While there is traditionally a pick up in demand as winter approaches, LNG shipowners and brokers say an unusually early annual rush is under way for the likes of the UK’s Shell, France’s TotalEnergies and China’s Unipec to secure enough shipping capacity to transport the superchilled fuel during the peak winter demand season. As a result, rates to charter an LNG tanker for a year are trading near their highest level in a decade at $120,000 per day, up more than 50% on a year ago, according to Clarksons Platou Securities.
The market boom comes after the EU vowed to reduce its dependence on Russian gas by two-thirds by the end of the year and import an extra 50bn cubic meters of LNG as an offset (although key European markets such as Germany don't even have an LNG terminal and won't have one ready for years).
Shipowners say Total has been particularly active in shopping for LNG carriers to rent for between three and five years, a longer period than usual. Total said it did not comment on market rumours.
"The market has exploded. It’s very hard to find any ships with length [of availability] in the market. It’s going through the roof," said Oystein Kalleklev, head of Flex LNG and Avance Gas, two LNG shipping groups.
And as the capacity crunch worsens, the success of LNG traders this winter – and the ability of vast swaths of Europe to avoid freezing – will depend on securing enough ships to maximize profits from high prices: “We have cargoes we can’t find ships for,” said one shipbroker.
As the FT explains, in recent years shipping bottlenecks have hindered the delivery of LNG to consuming markets in Asia and Europe, and it has only gotten worse in the past years. Indeed, the rush for ships usually takes place in late summer in the northern hemisphere but this year it has already kicked off and traders are seeking to lower rates by agreeing to longer rental periods, according to industry executives.
And if the war in Ukraine wasn't bad enough, there is also the insanity that is ESG: the scramble to secure LNG vessels comes ahead of new global shipping emission regulations next year, potentially decreasing supply further, and as East Asian shipyards struggle to launch new LNG carriers quickly enough.
Brokers say the higher-value cargo resulting from the rise in gas prices has pushed up demand for modern vessels, as older vessels have fallen out of favor because they use turbine engines powered by the boil-off vapour from the LNG — essentially using their cargo as fuel.
“It’s getting quite complex to get the right ships for the cargoes,” said another shipbroker, referring to trading companies’ demands for the larger modern ships.

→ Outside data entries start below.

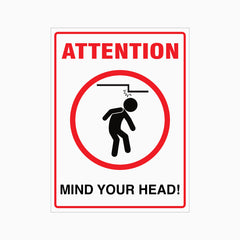 ATTENTION MIND YOUR HEAD SIGN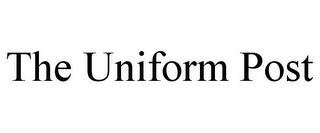 THE UNIFORM POST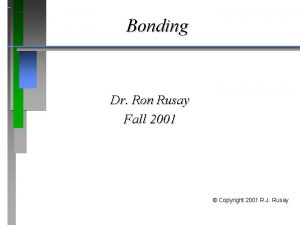 Bonding Dr Ron Rusay Fall 2001 Copyright 2001
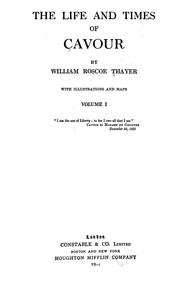 Cover of: The life and times of Cavour by William Roscoe Thayer
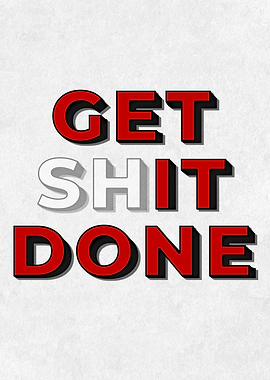 Get Shit Done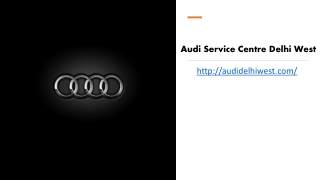 Audi Service Centre Delhi West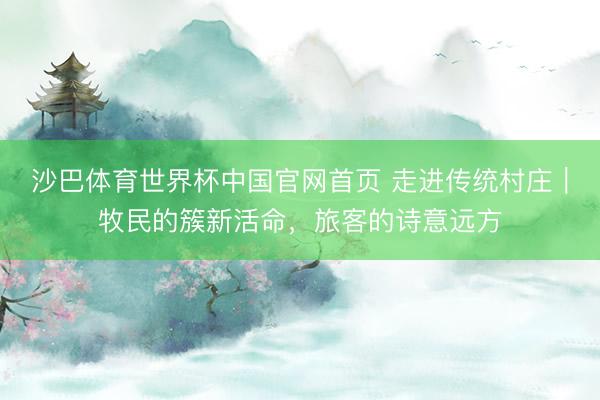 沙巴体育世界杯中国官网首页 走进传统村庄｜牧民的簇新活命，旅客的诗意远方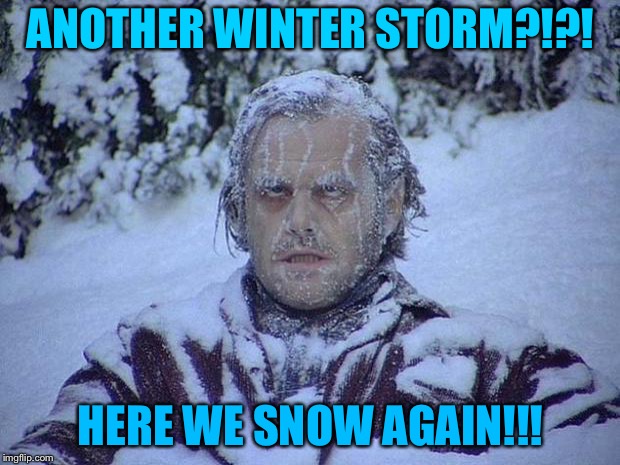 Jack Nicholson The Shining Snow Meme | ANOTHER WINTER STORM?!?! HERE WE SNOW AGAIN!!! | image tagged in memes,jack nicholson the shining snow | made w/ Imgflip meme maker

Karl Fredrik Staubo, CEO of Golar LNG, an LNG shipping company, said traders were realizing there was “less availability than we previously thought” after a flurry of activity by big trading houses. Golar LNG this week leased a floating storage and regasification unit — a special subset of LNG vessels used as import terminals — to Italian gas grid operator Snam for $350mn. Staubo said limited availability of FSRUs meant conversions of LNG carriers would be needed to meet the surge in European demand for regasification, adding to pressure on the LNG shipping market.